## What the task requires
From the opening line of the records through the line bearing "アクアマリン 天然 27.491ct", set down every line exactly.

Segment Start: Data provided

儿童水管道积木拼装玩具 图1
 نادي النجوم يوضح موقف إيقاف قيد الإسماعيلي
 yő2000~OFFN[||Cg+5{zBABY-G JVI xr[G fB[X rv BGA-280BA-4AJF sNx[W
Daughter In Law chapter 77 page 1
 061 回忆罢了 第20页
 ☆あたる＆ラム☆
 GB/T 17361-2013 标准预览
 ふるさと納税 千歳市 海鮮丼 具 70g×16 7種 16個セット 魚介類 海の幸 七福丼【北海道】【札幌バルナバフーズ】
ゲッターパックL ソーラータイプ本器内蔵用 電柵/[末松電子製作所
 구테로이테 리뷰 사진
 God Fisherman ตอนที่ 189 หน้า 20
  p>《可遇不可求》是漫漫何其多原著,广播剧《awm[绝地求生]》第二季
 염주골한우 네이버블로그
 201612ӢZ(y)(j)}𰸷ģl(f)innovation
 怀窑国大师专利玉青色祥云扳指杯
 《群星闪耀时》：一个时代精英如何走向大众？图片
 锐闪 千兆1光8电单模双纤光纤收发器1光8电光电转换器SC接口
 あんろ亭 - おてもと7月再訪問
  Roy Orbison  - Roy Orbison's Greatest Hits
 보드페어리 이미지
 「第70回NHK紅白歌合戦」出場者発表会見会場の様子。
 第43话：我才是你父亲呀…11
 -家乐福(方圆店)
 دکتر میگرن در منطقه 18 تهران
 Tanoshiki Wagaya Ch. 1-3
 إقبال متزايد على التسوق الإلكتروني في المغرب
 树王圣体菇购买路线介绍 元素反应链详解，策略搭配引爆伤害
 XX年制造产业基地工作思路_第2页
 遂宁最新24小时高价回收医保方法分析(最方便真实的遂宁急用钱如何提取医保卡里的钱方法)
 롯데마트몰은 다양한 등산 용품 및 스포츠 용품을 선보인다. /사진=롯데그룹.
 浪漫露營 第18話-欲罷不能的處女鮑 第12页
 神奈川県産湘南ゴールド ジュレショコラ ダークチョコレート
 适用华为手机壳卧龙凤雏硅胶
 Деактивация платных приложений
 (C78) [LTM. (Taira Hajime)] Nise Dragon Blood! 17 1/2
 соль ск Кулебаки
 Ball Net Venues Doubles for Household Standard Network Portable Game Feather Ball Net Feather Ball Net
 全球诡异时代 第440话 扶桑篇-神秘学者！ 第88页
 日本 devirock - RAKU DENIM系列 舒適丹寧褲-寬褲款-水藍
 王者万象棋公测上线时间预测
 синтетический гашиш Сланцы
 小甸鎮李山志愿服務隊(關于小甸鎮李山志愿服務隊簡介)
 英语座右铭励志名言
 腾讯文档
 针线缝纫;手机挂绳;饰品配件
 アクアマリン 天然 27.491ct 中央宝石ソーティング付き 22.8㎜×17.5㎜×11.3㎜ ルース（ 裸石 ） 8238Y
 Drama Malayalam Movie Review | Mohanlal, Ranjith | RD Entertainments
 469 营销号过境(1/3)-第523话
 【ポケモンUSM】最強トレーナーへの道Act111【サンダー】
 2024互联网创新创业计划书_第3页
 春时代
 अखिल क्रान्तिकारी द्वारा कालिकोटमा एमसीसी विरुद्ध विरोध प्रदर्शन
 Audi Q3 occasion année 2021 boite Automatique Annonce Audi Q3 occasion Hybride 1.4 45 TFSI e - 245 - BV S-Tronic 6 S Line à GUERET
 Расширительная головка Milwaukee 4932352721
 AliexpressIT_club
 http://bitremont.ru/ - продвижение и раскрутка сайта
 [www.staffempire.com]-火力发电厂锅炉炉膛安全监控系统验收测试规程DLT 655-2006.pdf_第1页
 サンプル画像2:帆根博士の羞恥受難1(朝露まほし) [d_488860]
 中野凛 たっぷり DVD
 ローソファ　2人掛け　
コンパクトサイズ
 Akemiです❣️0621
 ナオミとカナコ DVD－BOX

Segment End: Data provided

## Written answer
儿童水管道积木拼装玩具 图1
 نادي النجوم يوضح موقف إيقاف قيد الإسماعيلي
 yő2000~OFFN[||Cg+5{zBABY-G JVI xr[G fB[X rv BGA-280BA-4AJF sNx[W
Daughter In Law chapter 77 page 1
 061 回忆罢了 第20页
 ☆あたる＆ラム☆
 GB/T 17361-2013 标准预览
 ふるさと納税 千歳市 海鮮丼 具 70g×16 7種 16個セット 魚介類 海の幸 七福丼【北海道】【札幌バルナバフーズ】
ゲッターパックL ソーラータイプ本器内蔵用 電柵/[末松電子製作所
 구테로이테 리뷰 사진
 God Fisherman ตอนที่ 189 หน้า 20
  p>《可遇不可求》是漫漫何其多原著,广播剧《awm[绝地求生]》第二季
 염주골한우 네이버블로그
 201612ӢZ(y)(j)}𰸷ģl(f)innovation
 怀窑国大师专利玉青色祥云扳指杯
 《群星闪耀时》：一个时代精英如何走向大众？图片
 锐闪 千兆1光8电单模双纤光纤收发器1光8电光电转换器SC接口
 あんろ亭 - おてもと7月再訪問
  Roy Orbison  - Roy Orbison's Greatest Hits
 보드페어리 이미지
 「第70回NHK紅白歌合戦」出場者発表会見会場の様子。
 第43话：我才是你父亲呀…11
 -家乐福(方圆店)
 دکتر میگرن در منطقه 18 تهران
 Tanoshiki Wagaya Ch. 1-3
 إقبال متزايد على التسوق الإلكتروني في المغرب
 树王圣体菇购买路线介绍 元素反应链详解，策略搭配引爆伤害
 XX年制造产业基地工作思路_第2页
 遂宁最新24小时高价回收医保方法分析(最方便真实的遂宁急用钱如何提取医保卡里的钱方法)
 롯데마트몰은 다양한 등산 용품 및 스포츠 용품을 선보인다. /사진=롯데그룹.
 浪漫露營 第18話-欲罷不能的處女鮑 第12页
 神奈川県産湘南ゴールド ジュレショコラ ダークチョコレート
 适用华为手机壳卧龙凤雏硅胶
 Деактивация платных приложений
 (C78) [LTM. (Taira Hajime)] Nise Dragon Blood! 17 1/2
 соль ск Кулебаки
 Ball Net Venues Doubles for Household Standard Network Portable Game Feather Ball Net Feather Ball Net
 全球诡异时代 第440话 扶桑篇-神秘学者！ 第88页
 日本 devirock - RAKU DENIM系列 舒適丹寧褲-寬褲款-水藍
 王者万象棋公测上线时间预测
 синтетический гашиш Сланцы
 小甸鎮李山志愿服務隊(關于小甸鎮李山志愿服務隊簡介)
 英语座右铭励志名言
 腾讯文档
 针线缝纫;手机挂绳;饰品配件
 アクアマリン 天然 27.491ct 中央宝石ソーティング付き 22.8㎜×17.5㎜×11.3㎜ ルース（ 裸石 ） 8238Y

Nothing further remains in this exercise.